RESULTS: Here through Atmospheric and Room Temperature Plasma (ARTP)-based mutagenesis and transcriptomic analysis, the expression of two genes MYO1 and IQG1 encoding the cytokinesis core proteins was identified downregulated along with higher hLYZ production. Deletion of either gene caused severe cytokinesis defects, but significantly enhanced hLYZ production. The highest hLYZ yield of 1,052,444 ± 23,667 U/mL bioactivity and 4.12 ± 0.11 g/L total protein concentration were obtained after high-density fed-batch fermentation in the Δmyo1 mutant, representing the best production of hLYZ in yeast. Furthermore, O-linked mannose glycans were characterized on this recombinant hLYZ.
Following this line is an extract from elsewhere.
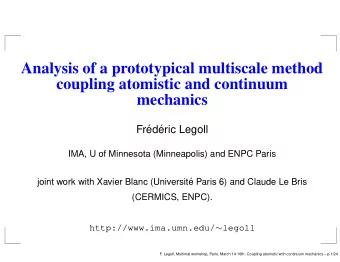 Analysis of a prototypical multiscale method  coupling atomistic and continuum  mechanics  Fr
CONCLUSIONS: Our work suggests that cytokinesis-based morphology engineering is an effective way to enhance the production of hLYZ in K. phaffii.
结果:这里通过基于大气和室温等离子体(ARTP)的诱变和转录组学分析,编码胞质分裂核心蛋白的两个基因MYO1和IQG1的表达被鉴定为随着更高的hLYZ产生而下调。任一基因的缺失都会导致严重的胞质分裂缺陷,但显著提高了hLYZ的产量。在Δmyo1突变体中进行高密度补料分批发酵后,获得了最高的hLYZ产量1,052,444±23,667U/mL的生物活性和4.12±0.11g/L的总蛋白浓度,代表酵母中hLYZ的最佳产量。此外,在该重组hLYZ上表征O-连接的甘露糖聚糖。
结论:我们的工作表明,基于胞质分裂的形态学工程是增强K.phafii中hLYZ生产的有效方法。